What do you think? Should I submit a patch for that?
Best Regards
Ingo Oeser
Ingo Oeser wrote:
> On Saturday 26 May 2007, Patrick McHardy wrote:
>
>>net/8021q ignores the VLAN header overhead, so we should probably do the
>>same here for consistency. Using IS_VLAN_IP (and IS_PPPOE_IP for current
>>-rc) looks fine, additionally we should probably also check for
>>skb->nfct != NULL to make sure that at least without connection tracking
>>the bridge doesn't perform fragmentation.
>
>
> And could we separe the conditions for that into a static helper function
> explaining each of these conditions? e.g. sth. like that:
The MTU checks are self-explanatory. Just a comment above the function
stating that it tries to find out whether a packet needs to be
refragmented because it was defragmented by IPv4 connection tracking
and exceeds the MTU should be enough.
> static bool br_nf_need_fragment(struct sk_buff *skb)
> {
> /* Plain IP packet does not fit in MTU */
> if (!(skb->protocol == htons(ETH_P_IP) && skb->len > skb->dev->mtu))
> return true;
>
> /* VLAN encapsulated IP packet does not fit in MTU */
> if (IS_VLAN_IP(skb) && skb->len > skb->dev->mtu - VLAN_HLEN)
> return true;
>
> /* PPPoE encapsulated IP packet does not fit in MTU */
> if (IS_PPPOE_IP(skb) && skb->len > skb->dev->mtu - PPPOE_SES_HLEN)
> return true;
>
> return false;
> }
As I said, I don't think we should account for the VLAN header overhead,
the VLAN code itself doesn't even do it. And we should exclude packets
that don't have a connection tracking reference attached since we are
only undoing the damage connection tracking did by defragmenting it
and should avoid fragmenting other packets as good as possible.
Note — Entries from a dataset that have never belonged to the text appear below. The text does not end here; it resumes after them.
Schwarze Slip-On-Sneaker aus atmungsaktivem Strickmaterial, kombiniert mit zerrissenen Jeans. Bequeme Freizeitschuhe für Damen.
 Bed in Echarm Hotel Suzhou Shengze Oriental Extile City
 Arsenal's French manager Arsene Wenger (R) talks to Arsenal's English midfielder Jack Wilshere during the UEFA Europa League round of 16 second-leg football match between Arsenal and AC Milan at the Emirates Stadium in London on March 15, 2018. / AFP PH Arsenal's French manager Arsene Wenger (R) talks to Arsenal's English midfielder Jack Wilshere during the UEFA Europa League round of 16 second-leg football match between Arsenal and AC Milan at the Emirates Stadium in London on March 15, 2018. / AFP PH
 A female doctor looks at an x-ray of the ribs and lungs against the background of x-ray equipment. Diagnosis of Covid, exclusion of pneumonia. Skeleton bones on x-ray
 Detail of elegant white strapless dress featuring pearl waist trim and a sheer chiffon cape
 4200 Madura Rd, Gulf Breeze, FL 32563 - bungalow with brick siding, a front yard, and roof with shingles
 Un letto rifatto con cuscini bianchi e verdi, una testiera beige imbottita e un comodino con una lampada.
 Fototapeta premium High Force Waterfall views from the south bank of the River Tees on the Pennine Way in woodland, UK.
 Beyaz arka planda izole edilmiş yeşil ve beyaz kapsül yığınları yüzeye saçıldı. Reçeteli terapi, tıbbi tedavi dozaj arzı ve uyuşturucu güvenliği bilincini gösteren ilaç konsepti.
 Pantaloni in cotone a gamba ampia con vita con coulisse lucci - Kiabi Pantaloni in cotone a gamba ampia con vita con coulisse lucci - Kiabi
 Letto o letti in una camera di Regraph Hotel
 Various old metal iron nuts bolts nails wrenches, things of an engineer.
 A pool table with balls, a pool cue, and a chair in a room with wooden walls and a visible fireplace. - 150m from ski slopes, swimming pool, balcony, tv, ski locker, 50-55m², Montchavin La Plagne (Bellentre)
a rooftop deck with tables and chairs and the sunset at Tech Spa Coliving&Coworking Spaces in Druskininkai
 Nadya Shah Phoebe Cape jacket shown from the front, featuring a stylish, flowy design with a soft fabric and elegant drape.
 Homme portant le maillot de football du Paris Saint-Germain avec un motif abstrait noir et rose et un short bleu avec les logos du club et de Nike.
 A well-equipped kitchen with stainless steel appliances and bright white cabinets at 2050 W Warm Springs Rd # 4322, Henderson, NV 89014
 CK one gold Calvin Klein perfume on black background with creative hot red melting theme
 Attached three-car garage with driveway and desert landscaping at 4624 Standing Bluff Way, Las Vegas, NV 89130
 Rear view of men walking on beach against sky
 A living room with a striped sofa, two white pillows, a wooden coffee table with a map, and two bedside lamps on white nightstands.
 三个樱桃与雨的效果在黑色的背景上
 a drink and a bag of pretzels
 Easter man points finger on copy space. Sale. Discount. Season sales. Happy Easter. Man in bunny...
> and then br_nf_dev_queue_xmit() becomes:
>
> static int br_nf_dev_queue_xmit(struct sk_buff *skb)
> {
> if (br_nf_need_fragment(skb) && !skb_is_gso(skb))
> return ip_fragment(skb, br_dev_queue_push_xmit);
> else
> return br_dev_queue_push_xmit(skb);
> }
>
> which is much more readable, more documented and doesn't contain a condition monster :-)
>
> @Patrick: Could you check, wether the PPPoE case is correct?
It looks OK. But there is another problem, ip_fragment doesn't care
about the PPPoE overhead and produces a packet that will be too large
after restoring the PPPoE header. A second __fake_rtable that accounts
for the PPPoE overhead could probably fix that ..
> What do you think? Should I submit a patch for that?
Sure :)